Thursday, February 04, 2010

ARE THE VANCOUVER OLYMPICS TO BE A FINANCIAL DISASTER OR NOT? AND OTHER OLYMPIC MATTERS

POSTED RESPONSE TO A COLUMN BY GARY MASON IN TORONTO'S GLOBE AND MAIL

"But if you're going to suggest, as Olympic critics do, that the Games have cost $6-billion, at least have the decency to say that a good chunk of that amount – $4-billion, in fact – has gone to things that were going to get built anyway."

This is just a roundabout updating of Mayor Drapeau's infamous line about Olympics and deficits and having babies.

Of course, in the case of Montreal 1976, we were left with a whopper of a deficit, and some of the infrastructure was poorly designed and built in the rush, yielding far less utility in the future than structures carefully done over time.

There's no reason on earth a city the size of Vancouver, not really a terribly large city, would have been spending $4billion on infrastructure.

And the comment on the immense security cost, above, is on the mark: we are at the point where a public event requiring this much security is not worth it.
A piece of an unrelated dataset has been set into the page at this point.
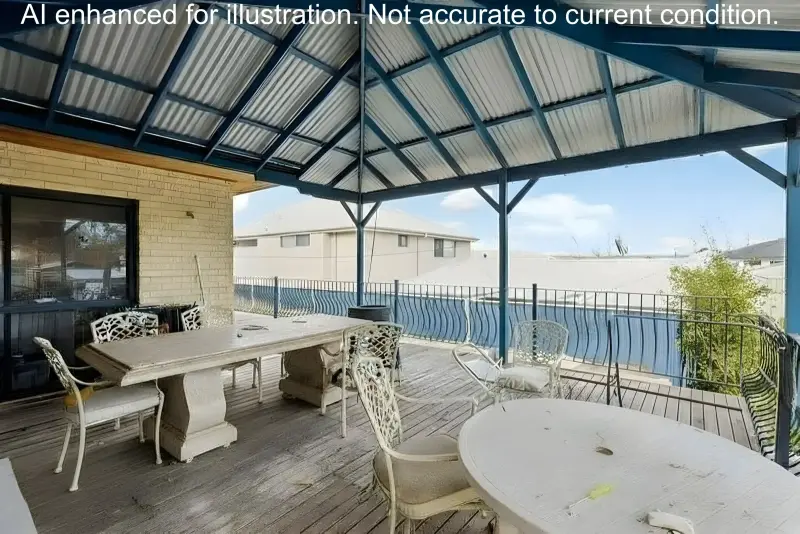 23 Cookham Road — Expansive Family Home with Endless Potential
The excesses of the modern Olympics are beyond counting, but they may perhaps be best symbolized by the Olympic Torch Relay. It costs a fortune to pull off this meaningless quasi-barbaric ritual in a country the size of Canada.

And what are its origins? The 1936 Olympics in Germany, a country under great international pressure at the time over its suitability to host the Olympics and a country then given to lavish quasi-barbaric rituals.
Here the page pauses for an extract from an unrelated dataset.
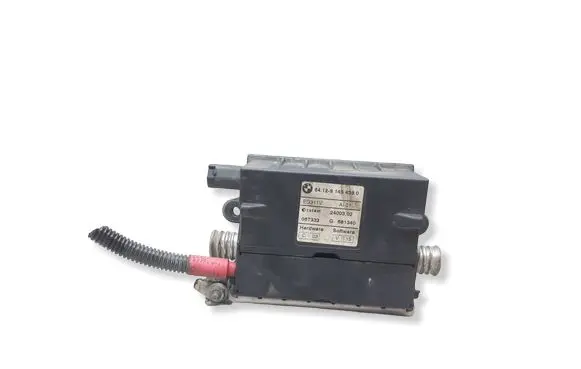 BMW X3 E83 Coolant heater 9145439 64129145439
The infamous Joseph Goebbels put the first Torch Relay into the modern Olympics, and we still mindlessly repeat it.

It has no connection to the origins of the Olympics, and, indeed, the entire modern excess called the Olympics has no relation to the ancient, relatively simple event.

Vancouver, as was China, is a gigantic, immensely expensive Las Vegas show, a glitzy, vacuous temporary temple to sports not even paid for by the people enjoying it.